Reproduce, without alteration, every line of the data; exclude the images.

(DATA begins)

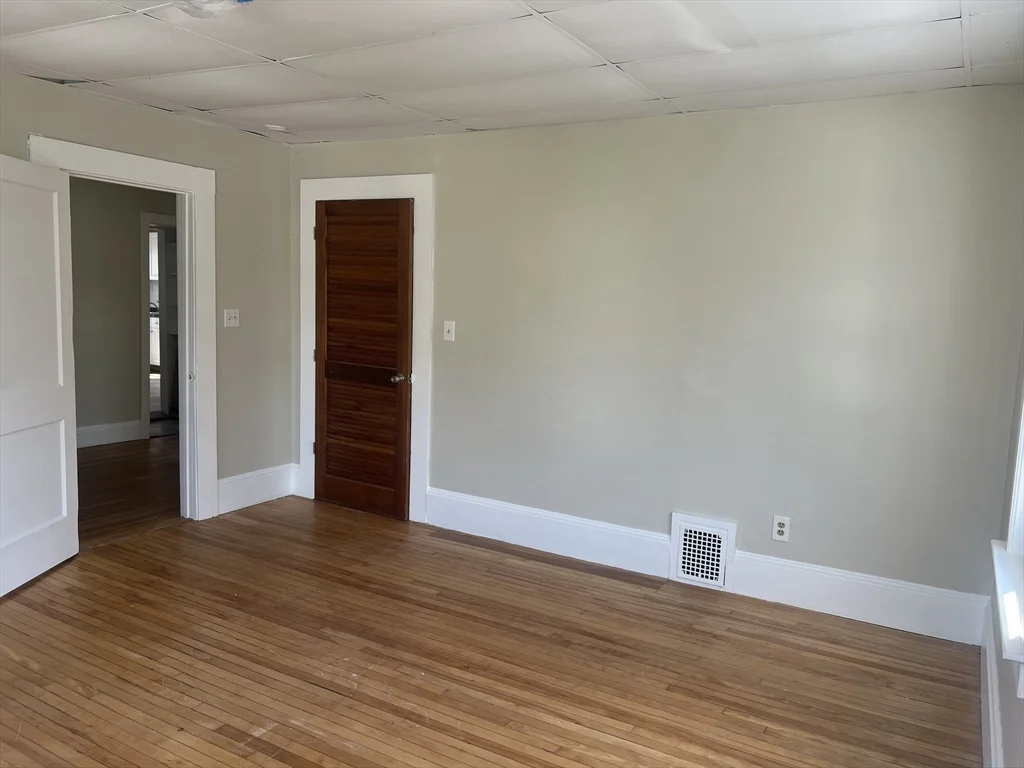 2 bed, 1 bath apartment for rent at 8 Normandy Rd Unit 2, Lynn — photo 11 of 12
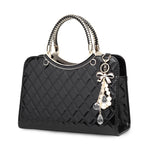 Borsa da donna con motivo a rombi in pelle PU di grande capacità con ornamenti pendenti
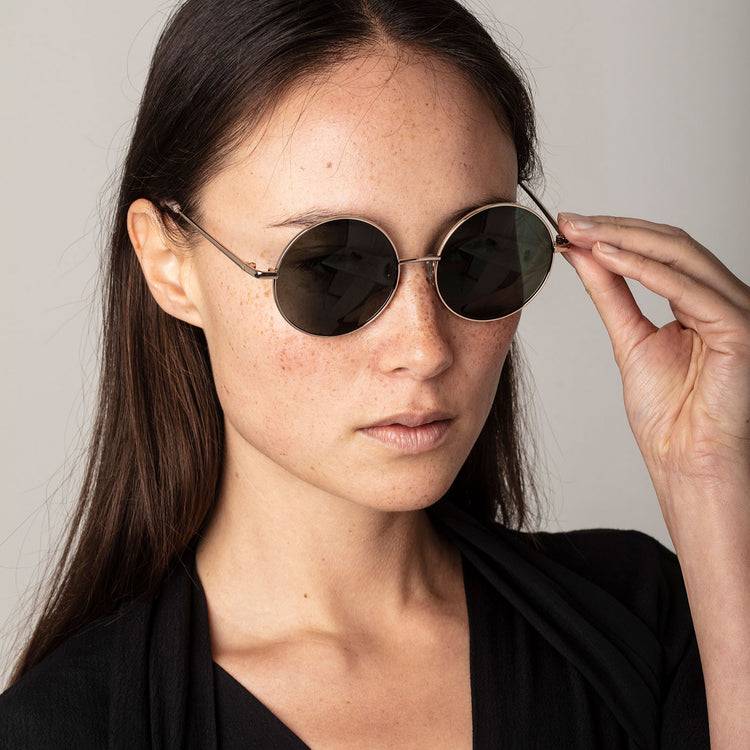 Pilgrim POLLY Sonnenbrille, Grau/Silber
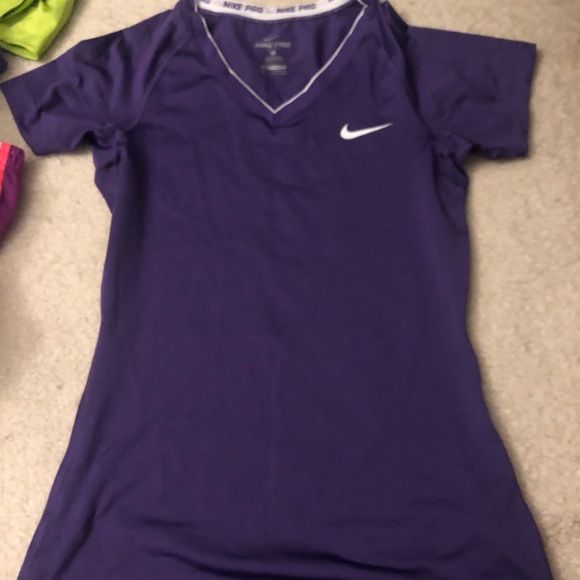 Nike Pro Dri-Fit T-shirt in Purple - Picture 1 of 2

(DATA ends)

-- FINISHED TASK --
 2 bed, 1 bath apartment for rent at 8 Normandy Rd Unit 2, Lynn — photo 11 of 12
 Borsa da donna con motivo a rombi in pelle PU di grande capacità con ornamenti pendenti
 Pilgrim POLLY Sonnenbrille, Grau/Silber
 Nike Pro Dri-Fit T-shirt in Purple - Picture 1 of 2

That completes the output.